Example of using an Excel formula to automatically check that two tables copy and pasted together have compatible rows. The output “different value” is a sign that something has gone wrong in the attempt to merge the two tables together. (A real example would have lots of data pasted alongside the labels in columns A and B.)
| ||Column A||Column B||Column C
|Example row 1 ||Prison system ||State || ||
|Example row 2 ||Alabama ||Alabama ||=IF(A2=B2, “same value”,”different value”) ||same value
|Example row 3 ||Alaska ||Arkansas ||=IF(A3=B3, “same value”,”different value”) ||different value
- Make it hard to misread your data by setting the headings to bottom align and all other data to top align.
- Giving cells, rows, and columns name can make formulas easier to debug. For tips on this, see the 54-minute Joel Spolsky video about Excel. One warning on this video: The tone can be grating to people who aren’t in on the not-funny joke. Specifically, the presenter occasionally calls his employees in the video stupid for not knowing certain obscure things about Excel. To outsiders, this is pretty off-putting. What the presenter’s employees and most of the tech world know — but isn’t in the video — is (1) their boss has written countless books and articles about his secret sauce to find, hire and retain the best employees on the planet and (2) the real reason he knows this hidden stuff about Excel is because he worked on the Excel team back in the 1980s. Everybody in the room knows that he knows few people have this knowledge about Excel. On the internet, the training video plays differently, so if you have an alternative video, we’d be happy to hear of it.

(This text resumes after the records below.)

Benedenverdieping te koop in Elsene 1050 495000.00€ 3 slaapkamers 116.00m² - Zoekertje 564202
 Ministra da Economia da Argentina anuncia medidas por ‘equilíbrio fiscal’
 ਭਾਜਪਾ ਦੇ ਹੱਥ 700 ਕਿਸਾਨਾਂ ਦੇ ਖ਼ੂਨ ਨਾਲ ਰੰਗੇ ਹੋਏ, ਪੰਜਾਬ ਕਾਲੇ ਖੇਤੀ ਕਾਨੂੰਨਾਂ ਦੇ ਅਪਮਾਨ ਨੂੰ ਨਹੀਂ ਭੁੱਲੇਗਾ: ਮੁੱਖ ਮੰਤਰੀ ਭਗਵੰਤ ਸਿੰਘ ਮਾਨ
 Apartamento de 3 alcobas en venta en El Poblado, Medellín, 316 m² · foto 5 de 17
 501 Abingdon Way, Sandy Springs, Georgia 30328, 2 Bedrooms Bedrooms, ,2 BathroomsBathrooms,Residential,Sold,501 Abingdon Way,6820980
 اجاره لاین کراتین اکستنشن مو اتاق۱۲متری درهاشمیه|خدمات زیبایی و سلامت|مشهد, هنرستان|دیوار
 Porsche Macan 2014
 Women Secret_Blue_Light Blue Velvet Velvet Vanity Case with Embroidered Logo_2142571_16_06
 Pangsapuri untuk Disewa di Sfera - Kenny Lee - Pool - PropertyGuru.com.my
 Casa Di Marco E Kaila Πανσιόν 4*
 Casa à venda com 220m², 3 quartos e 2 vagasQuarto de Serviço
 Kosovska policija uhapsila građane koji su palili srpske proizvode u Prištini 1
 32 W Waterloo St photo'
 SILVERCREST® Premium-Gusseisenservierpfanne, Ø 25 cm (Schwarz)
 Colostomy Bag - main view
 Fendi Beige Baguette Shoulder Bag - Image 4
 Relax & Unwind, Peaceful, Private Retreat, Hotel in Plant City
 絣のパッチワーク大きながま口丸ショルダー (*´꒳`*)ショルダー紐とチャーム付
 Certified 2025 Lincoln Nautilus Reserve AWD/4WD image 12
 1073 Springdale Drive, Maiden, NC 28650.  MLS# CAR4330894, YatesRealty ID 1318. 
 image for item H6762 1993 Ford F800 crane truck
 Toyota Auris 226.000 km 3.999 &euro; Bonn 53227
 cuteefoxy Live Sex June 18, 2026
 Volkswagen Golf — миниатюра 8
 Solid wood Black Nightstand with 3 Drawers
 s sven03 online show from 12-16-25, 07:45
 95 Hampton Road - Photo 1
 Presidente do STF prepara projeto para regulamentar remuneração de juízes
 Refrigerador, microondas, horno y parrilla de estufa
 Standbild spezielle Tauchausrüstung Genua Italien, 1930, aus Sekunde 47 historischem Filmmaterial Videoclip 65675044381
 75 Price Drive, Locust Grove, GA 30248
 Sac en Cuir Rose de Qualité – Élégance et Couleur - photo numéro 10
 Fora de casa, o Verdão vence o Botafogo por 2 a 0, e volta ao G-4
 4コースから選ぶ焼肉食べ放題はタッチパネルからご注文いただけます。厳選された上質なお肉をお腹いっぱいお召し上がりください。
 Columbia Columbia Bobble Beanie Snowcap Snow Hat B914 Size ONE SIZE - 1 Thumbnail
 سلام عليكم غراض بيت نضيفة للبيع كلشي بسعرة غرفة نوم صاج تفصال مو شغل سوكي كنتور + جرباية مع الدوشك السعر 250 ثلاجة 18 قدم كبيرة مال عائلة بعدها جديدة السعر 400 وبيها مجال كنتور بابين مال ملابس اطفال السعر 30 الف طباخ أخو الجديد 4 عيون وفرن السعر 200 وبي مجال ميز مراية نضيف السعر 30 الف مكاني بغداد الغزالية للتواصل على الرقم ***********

- For a mail merge document, be sure to use consistent formatting and grammar in your data. This makes it easier to design the document without variations like extra spaces, capitalization, commas, and periods harming your output.
It’s outside the scope of the current training page, but a future version of this page will include some tips on formatting tables including alignment, bold, backgrounds, borders, column spans, decimal points/values, currency v. accounting format, etc.